The scenes along Cuba’s north central coast were gradually coming to resemble the horrors of those of other Caribbean islands over the last week as Irma barreled in for a direct hit at Ciego de Avila province around midnight.
Choppy seas, grey skies, sheets of rain, bending palm trees, huge waves crashing over sea walls and downed power lines filled state-run television’s evening news cast.
Irma was forecast to bring dangerous storm surges of up to 10 feet (3 meters) on parts of Cuba’s northern coast and the central and northwestern Bahamas.
Meteorologists warned that by Saturday morning scenes of far greater devastation were sure to emerge as Irma worked her way along the northern coast westward through Sancti Spiritus and Villa Clara provinces where it is forecast to turn northward toward Florida.

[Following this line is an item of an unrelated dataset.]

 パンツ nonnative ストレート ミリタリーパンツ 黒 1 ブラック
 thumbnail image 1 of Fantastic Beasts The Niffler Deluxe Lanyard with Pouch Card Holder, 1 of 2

The area is home to pristine keys with more than 50 hotels and fine beaches, vital money makers for the cash-strapped government.
Residents in the central province of Camaguey hunkered down on Friday night.“There are really strong gusts of wind. It is pouring off and on, and the lights are out,” Anaida Gonzalez, a retired nurse, said by telephone.
Irma was about 300 miles (485 km) southeast of Miami, the NHC said in its latest advisory.